EXERCISE DETAILS: With the pictures excluded, retype the records that follow exactly.

WORKING DATA:
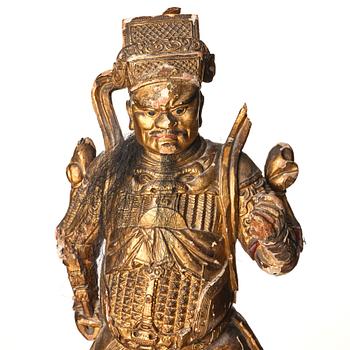 A gilt and lacquered standing figure of a guardsman, Qing dynasty.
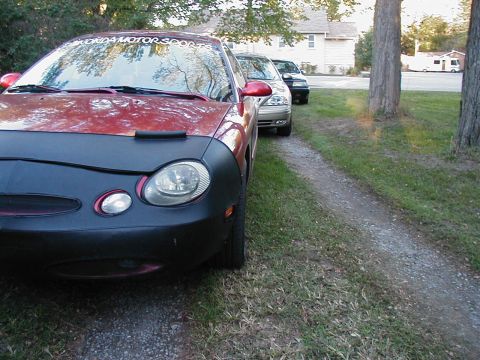 1990 Ford Taurus - A red car with a car cover is parked on a gravel driveway, with two other vehicles behind it.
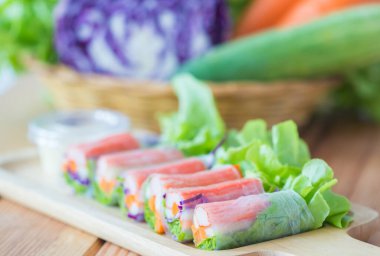 Taze salata sebzeleri, ahşap tabakta salata soslu makarna..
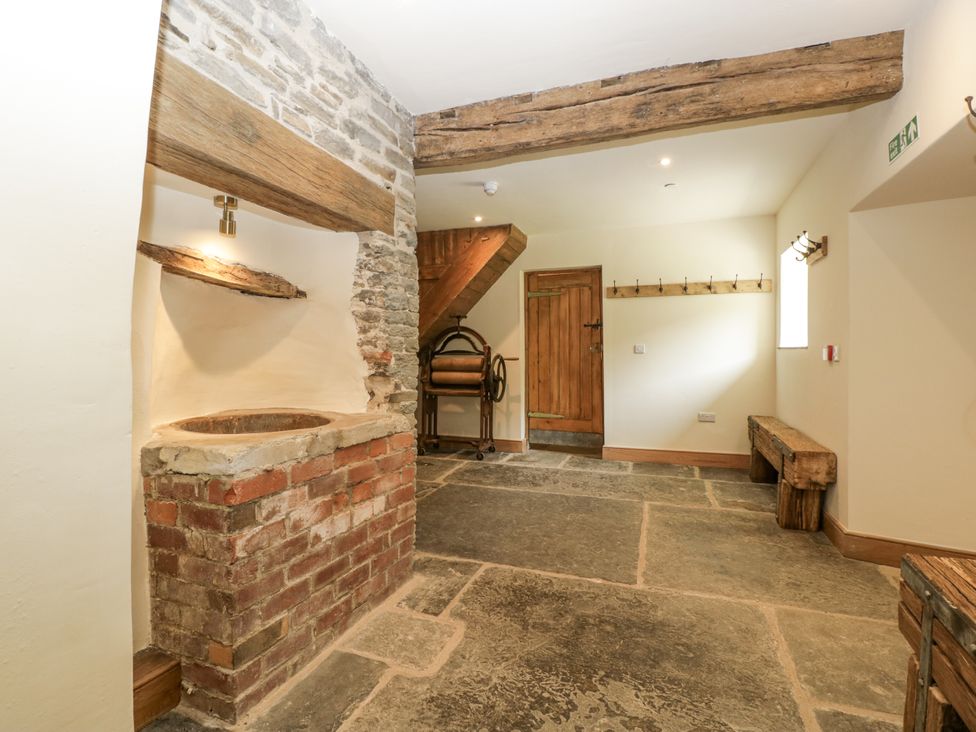 An entrance hall with a washbasin and staircase at Evenjobb Court Farmhouse Evenjobb near Presteigne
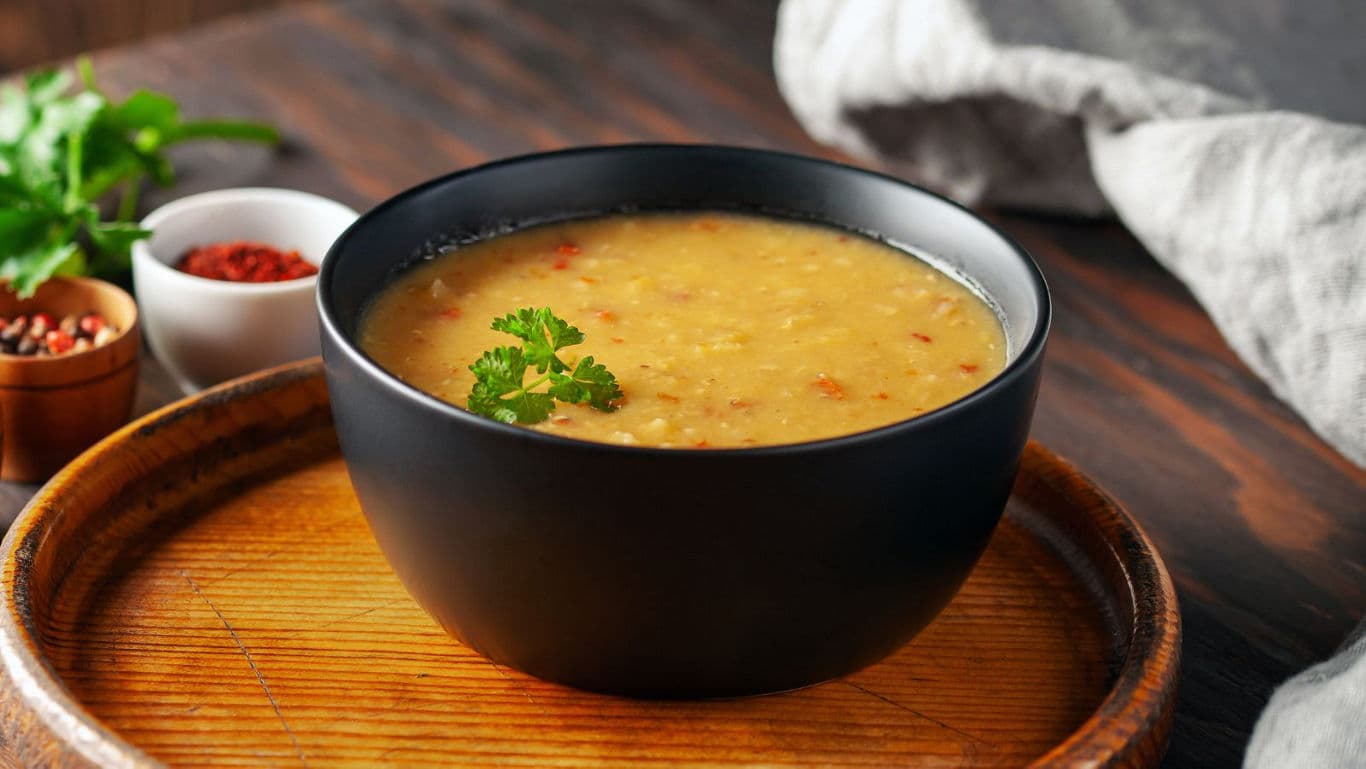 Warm lentil soup in black bowl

EXERCISE RESULT:
 A gilt and lacquered standing figure of a guardsman, Qing dynasty.
 1990 Ford Taurus - A red car with a car cover is parked on a gravel driveway, with two other vehicles behind it.
 Taze salata sebzeleri, ahşap tabakta salata soslu makarna..
 An entrance hall with a washbasin and staircase at Evenjobb Court Farmhouse Evenjobb near Presteigne
 Warm lentil soup in black bowl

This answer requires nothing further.